Mapping the London Blitz

bombsight

The London Blitz, from 1940-1941, was a traumatic event that changed London’s landscape for ever. Until now, maps of the impact sights from the bombs falling on the city, have remained in paper form and have only been available to view when travelling to public archives, or through specialist planning consultancies. We have featured one such map on this website a few months ago. Now, researchers from the University of Portsmouth and UCL, funded by JISC, have released a new website, Bomb Sight, which has digitised the impact locations and plotted them on modern and historical maps. Initially you’ll see clusters of red dots across the city – on zooming in the dots turn clickable and you’ll be able to find out additional information about each bomb and the impact it had on the area. There are three filters – you can view the first night, first week or the whole period. There is also an application available shortly for Android-based smartphones, developed by Geobits, which shows an augmented reality view – you can walk through the streets holding your phone, and it overlays the locations of nearby impact sites on your view of your current street, as it was 70 years ago.

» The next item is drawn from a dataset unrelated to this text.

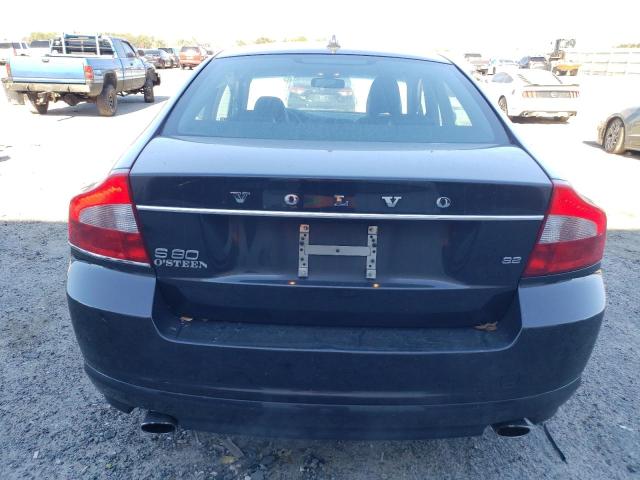 Photo 6 from auction – 2010 VOLVO S80 3.2 with VIN YV1982AS0A1123704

The effort to accurately digitise maps like these is far from trivial and it is an impressive example of discovering a public interest in information like this by making it readily viewable. The site received very heavy attention from the mainstream media earlier this week, so we have delayed featuring this map until now, the site is now accessible and responsive after having suffered somewhat from a different kind of impact – enthusiasm – earlier.

Congratulations to the Bomb Sight team and I look forward to further spatial data analyses of this fascinating and unique historical dataset, particularly as, in time, the data will be available for research by other academics and non-profits.